Обретя, наконец, голос, он прохрипел:
— Дай Бог, чтобы наш олень не оказался том оленем из истории отца Токо.
Писец воздел руки:
— Волшебство, — как говорит Токо, — движется кругами. Череда, а не чехарда чар очерчивает чудо, и что истинно для одного особого случая, истинно и для всех особых случаев той же особости. Если бы какой-то негодяй не забыл вернуть «Историю волшебства» на ту полку, где ей положено стоять, я бы показал вам, что я имею в виду. Над этой книгой трудились ещё писцы вашего батюшки. Нет в ней уже нет ни указателя имен, ни словаря тёмных смыслов, да и то сказать — страницы позагнуты да повырваны, в кляксах и пятнах, обложка в лохмотьях, а корешка нет.
— Кто там в лохмотьях? — удивился Клод.
— «История волшебства», — изволите не слушать, Ваше Величество! — обиделся Писец.
— Как посмела она вырядиться в лохмотья? — рявкнул Клод.
— Да уж жизнь довела.
— «Жизнь довела» — передразнил Клод. — «История волшебства» как раз сейчас в моей опочивальне, и листаю я её каждую ночь на сон грядущий.
Он хлопнул в ладони, и появился человечек малого роста в жёлтом одеянии. Клод велел ему сходить в королевскую опочивальню и принести «Историю».
— Позови трёх слуг себе в подмогу, — добавил Клод.
— Лица, берущие в Королевской библиотеке «Историю волшебства» или иные книги, должны заполнить соответствующее требование, — строго заметил Писец.
— Я не из тех, на кого заводят карточки, кто заполняет требование и кого можно заставить расписаться в формуляре, — отрезал Клод, — и если книга мне нужна, я просто иду и беру её.
Король и Писец выхаживали по залу навстречу друг другу, а когда встречались, первый ворчал, а второй — вздыхал. Тут в зал вошли четыре человечка в жёлтых одеяниях, сгибаясь и оступаясь под тяжестью огромного древнего фолианта. Они положили книгу прямо на пол и вышли, а Писец стал переворачивать пожелтевшие пыльные страницы, бегло просматривая их и покашливая.
— Здесь нет ничего на «олень», — сказал он, наконец, — кроме сообщений о девах, которые превращались в оленей, а потом из оленей — в дев. Все строги, обаятельны, учтивы, смуглы, высоки, убраны красиво. Но в каждом случае расколдованная дева помнила своё имя. Так здесь сказано.
— Тогда поищи на другое слово! — рявкнул Клод.
— Ну, например? — спросил Писец.
— Потеря памяти у дев, — рыкнул Клод. — Смотри на «П».
— «Потеря» в данном случае на «Д», — возразил Писец.
— Да мыслимо, возможно ли такое? — громом прогремел Клод.
Голос Королевского Писца был твёрд и ясен:
— Слова в книге расположены по ключевому понятию, так что нужно смотреть «Девы, потеря памяти».

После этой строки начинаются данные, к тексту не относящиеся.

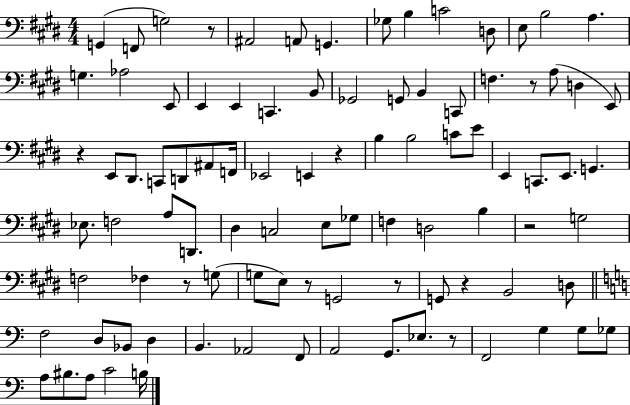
X:1
T:Untitled
M:4/4
L:1/4
K:E
G,, F,,/2 G,2 z/2 ^A,,2 A,,/2 G,, _G,/2 B, C2 D,/2 E,/2 B,2 A, G, _A,2 E,,/2 E,, E,, C,, B,,/2 _G,,2 G,,/2 B,, C,,/2 F, z/2 A,/2 D, E,,/2 z E,,/2 ^D,,/2 C,,/2 D,,/2 ^A,,/2 F,,/4 _E,,2 E,, z B, B,2 C/2 E/2 E,, C,,/2 E,,/2 G,, _E,/2 F,2 A,/2 D,,/2 ^D, C,2 E,/2 _G,/2 F, D,2 B, z2 G,2 F,2 _F, z/2 G,/2 G,/2 E,/2 z/2 G,,2 z/2 G,,/2 z B,,2 D,/2 F,2 D,/2 _B,,/2 D, B,, _A,,2 F,,/2 A,,2 G,,/2 _E,/2 z/2 F,,2 G, G,/2 _G,/2 A,/2 ^B,/2 A,/2 C2 B,/4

Король зажмурил левый глаз, открыл, а потом зажмурил правый. Голос его стал низким и зловещим.
— Ничуть не сомневаюсь, что «кошка» у тебя на «ша», обезьяна-образина — на «эр», а «баран-болван» на «эф»! Хоть в «Э, Ю, Я» ищи разгадку тайны, а дай ответ!
Щиты на стене задрожали. Королевский Писец открыл букву «Д», где оказались свалены в одну кучу Дамоклов меч судьбы и Двойники, Догадки, Духи, Домовой и Демон, Доверчивость и Доводы рассудка, а с ними Дьявол, Дежа-вю и Девы. Король ходил взад и вперёд, пока Писец просматривал десятки страниц, то ахая, то охая, то ухая, то эхая. Наконец, Король не вытерпел и крикнул:
— Хватит тебе квакать и крякать — читай, что есть!
Писец покачал головой:
— Король, не торопите. Здесь полно статей и пунктов, ссылок и отсылок, значков, помет, подстрочных примечаний и терминов, и внутренних цитат на греческом, персидском и латыни, а также разных «см.» и «и т.д.»

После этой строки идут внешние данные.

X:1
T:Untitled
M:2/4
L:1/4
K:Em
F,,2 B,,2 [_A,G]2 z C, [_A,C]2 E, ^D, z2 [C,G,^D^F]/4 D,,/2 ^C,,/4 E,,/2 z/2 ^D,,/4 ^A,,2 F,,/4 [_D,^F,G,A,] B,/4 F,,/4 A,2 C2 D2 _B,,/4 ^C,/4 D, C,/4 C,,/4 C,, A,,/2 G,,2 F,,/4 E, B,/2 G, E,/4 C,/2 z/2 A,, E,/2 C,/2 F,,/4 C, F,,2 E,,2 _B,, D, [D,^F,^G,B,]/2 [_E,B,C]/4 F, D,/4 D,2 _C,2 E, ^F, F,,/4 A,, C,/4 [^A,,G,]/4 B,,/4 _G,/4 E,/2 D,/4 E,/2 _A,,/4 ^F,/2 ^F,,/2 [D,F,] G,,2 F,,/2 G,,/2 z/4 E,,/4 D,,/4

— «См., и т.д.» — давай ответ скорее простым, понятным, внятным языком без всяких там «балда-белиберда».
Писец вспыхнул, перейдя от обиды на прозу:
— Вот на букву «Д» здесь рассказ о девяти чарах, которыми лесного и полевого оленя превращают в деву.

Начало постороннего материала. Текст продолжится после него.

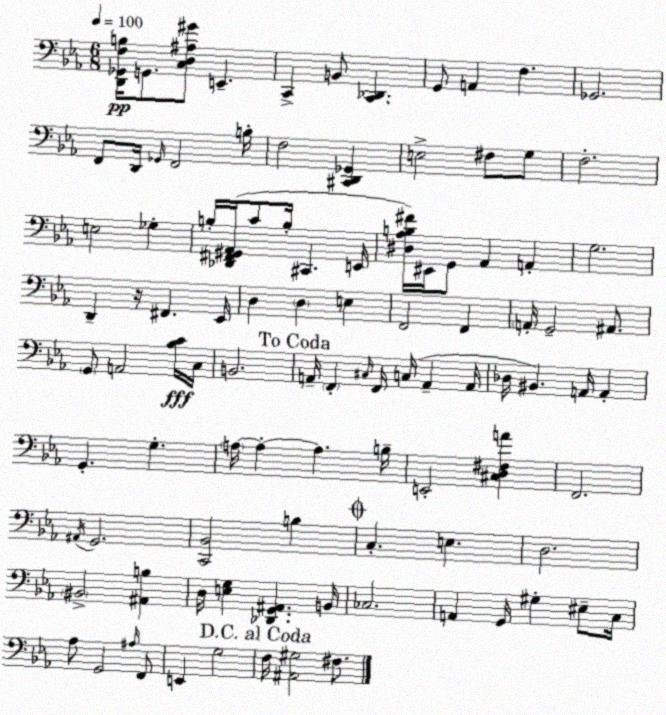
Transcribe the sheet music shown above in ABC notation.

X:1
T:Untitled
M:6/8
L:1/4
K:Cm
[D,,_G,,F,B,]/4 G,,/2 [C,D,^A,^G]/2 E,, C,, B,,/2 [C,,_D,,] G,,/2 A,, F, _G,,2 F,,/2 D,,/4 _G,,/4 F,,2 B,/4 F,2 [^C,,D,,_G,,] E,2 ^F,/2 G,/2 F,2 E,2 _G, B,/4 [_D,,^F,,^G,,_A,,]/4 C/2 B,/4 ^C,, E,,/4 [^D,_A,B,^F]/4 ^E,,/4 G,,/2 _A,, A,, G,2 D,, z/4 ^F,, _E,,/4 D, D, E, F,,2 F,, A,,/4 G,,2 ^A,,/2 G,,/2 A,,2 [_B,C]/4 C,/4 B,,2 A,,/4 F,, ^C,/4 F,,/4 C,/4 A,, A,,/4 _D,/4 ^B,, A,,/4 A,, G,, G, A,/4 A, A, B,/4 E,,2 [^C,D,^F,A] F,,2 ^A,,/4 G,,2 [C,,_B,,]2 B, C, E, D,2 ^B,,2 [^A,,B,] D,/4 [E,G,] [_D,,G,,^A,,] B,,/4 _C,2 A,, G,,/4 ^G, ^E,/2 C,/4 _A,/2 G,,2 ^A,/4 F,,/2 E,, G,2 F,/4 [^A,,^G,]2 ^F,/2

— Почему именно его? — спросил Клод.
Писец ответил медленно и терпеливо:
— Во-первых, олень спас жизнь колдуну, а, во-вторых, злой колдун решил сыграть с людьми злую шутку.
— Если бы я был королем над всеми королями, я бы положил конец колдовству, пусть мне хребет сломают. С такой суматохой и причудами кто поймёт, где его гончий пёс, а где — племянница?
— И вот что верно, — продолжил Писец, — для этих девяти чар: те девы были безымянны и помнили деревья и поля, и больше ничего.
— Ого! — сказал Король.
— Кроме того, что не менее важно, чары были всегда одинаковы, и во всех изложенных здесь случаях олень, спасаясь от погони, попадал в тупик, откуда не было возврата.
— Ну! — потребовал Король.
— После чего именно в том месте и в тот же миг олень являлся девою учтивой, высокой, смуглой, убранной красиво, принцессой благородной, как взглянуть.
— Во! — простонал Король и тяжко опустился на стул.
Писец вышагивал какое-то время взад и вперёд, потом остановился и поднял руку.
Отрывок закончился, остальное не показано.